Buckling Load Estimation Using Multiple Linear Regression Analysis and Multigene Genetic Programming Method in Cantilever Beams with Transverse Stiffeners

Analytical methods cannot find the exact solution for inelastic lateral torsional buckling. This study aims to develop innovative solutions by creating closed-form equations. A series of numerical studies (ANSYS) have been conducted for buckling load calculation on European I-section cantilever beams reinforced with transverse stiffener plates at different intervals. Formulations were developed using two methods to estimate the found load values more practically. Multiple linear regression analysis and multigene genetic programming methods were used to obtain these formulations.
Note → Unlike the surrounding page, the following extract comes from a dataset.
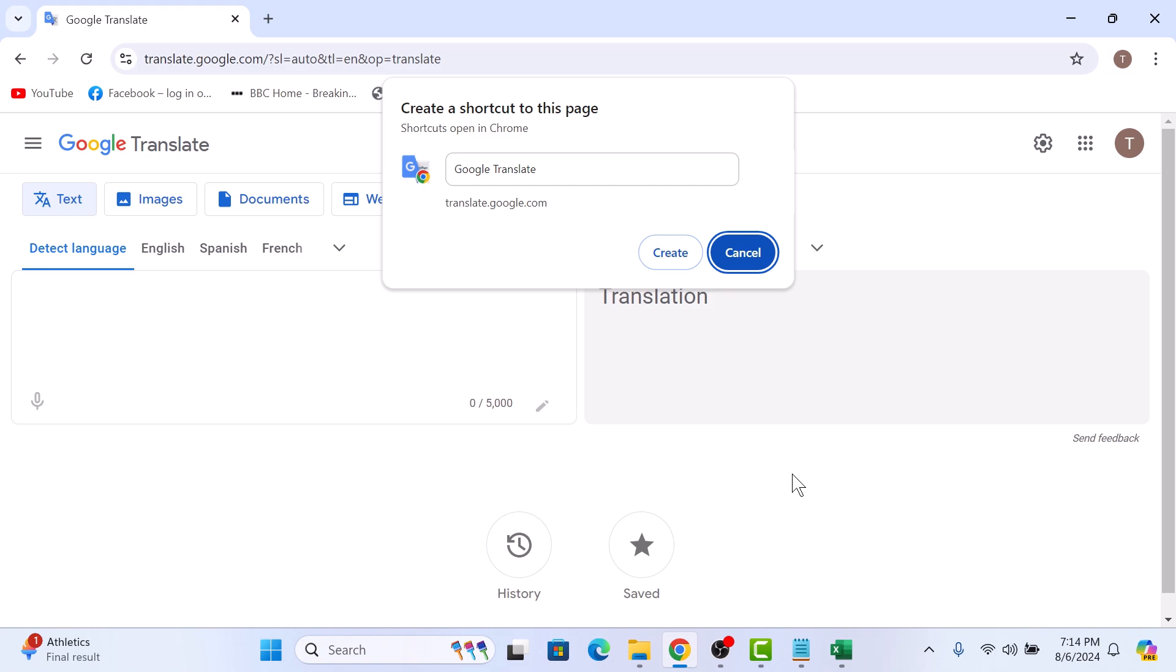In the pop-up that appears, name the shortcut and click on create button.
According to the error statistics, the multigene genetic programming method gave more accurate results than the multiple linear regression analysis methods in buckling load estimation. The estimates obtained from the multigene genetic programming method and the numerical results calculated in the ANSYS program were found to be compatible with each other. The scientific novelty brought by the research is to develop more original formulations for cantilever beams instead of using the buckling load calculation described for simply supported beams in the specifications. The scientific difference is that the developed formulations can calculate in a way that can consider the contribution of transverse stiffeners to the buckling load. This study will show that formulations designed with computer technologies can be an alternative calculation method for estimating the lateral buckling load according to the transverse stiffener plate spacing for European I-section cantilever steel beams.